* [Work task]
Although the records contain pictures, only their text should be set down, exactly as written.
Provided data Start Marker
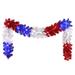 Puleo International 9 ft. x 10" Pre-Lit Red White & Blue Patriotic Garland - Blue Red & White - 9.8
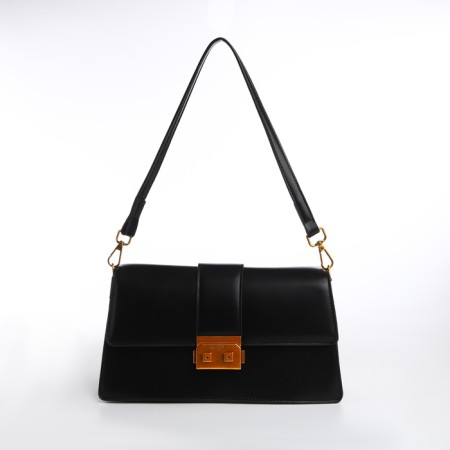 Female bag Textura, average size, black color-1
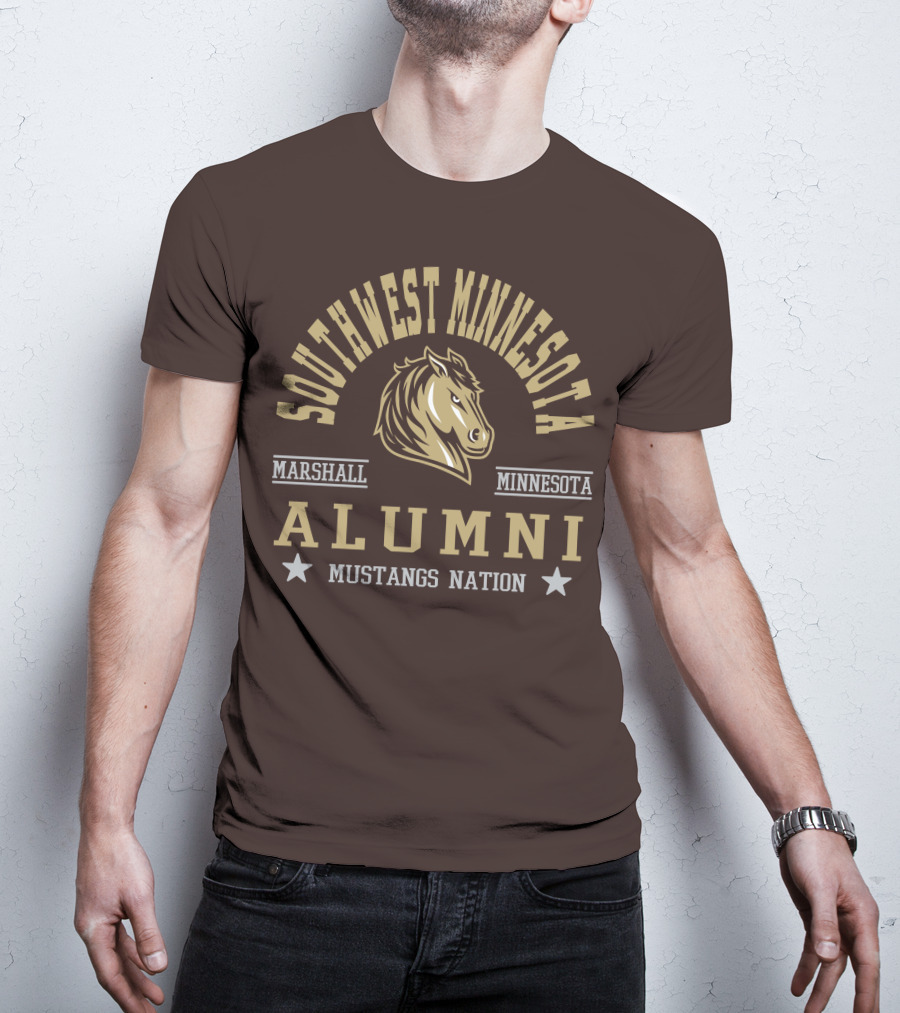 Southwest Minnesota Marshall Alumni Mustangs Nation T-Shirt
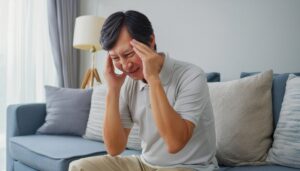 頭痛に苦しむ中年男性3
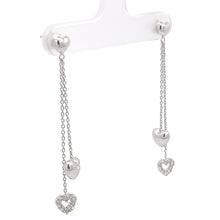 画像をギャラリービューアに読み込む, K18WG<br />ダイヤモンドハートピアス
Provided data End Marker
* [Task result]
 Puleo International 9 ft. x 10" Pre-Lit Red White & Blue Patriotic Garland - Blue Red & White - 9.8
 Female bag Textura, average size, black color-1
 Southwest Minnesota Marshall Alumni Mustangs Nation T-Shirt
 頭痛に苦しむ中年男性3
 画像をギャラリービューアに読み込む, K18WG<br />ダイヤモンドハートピアス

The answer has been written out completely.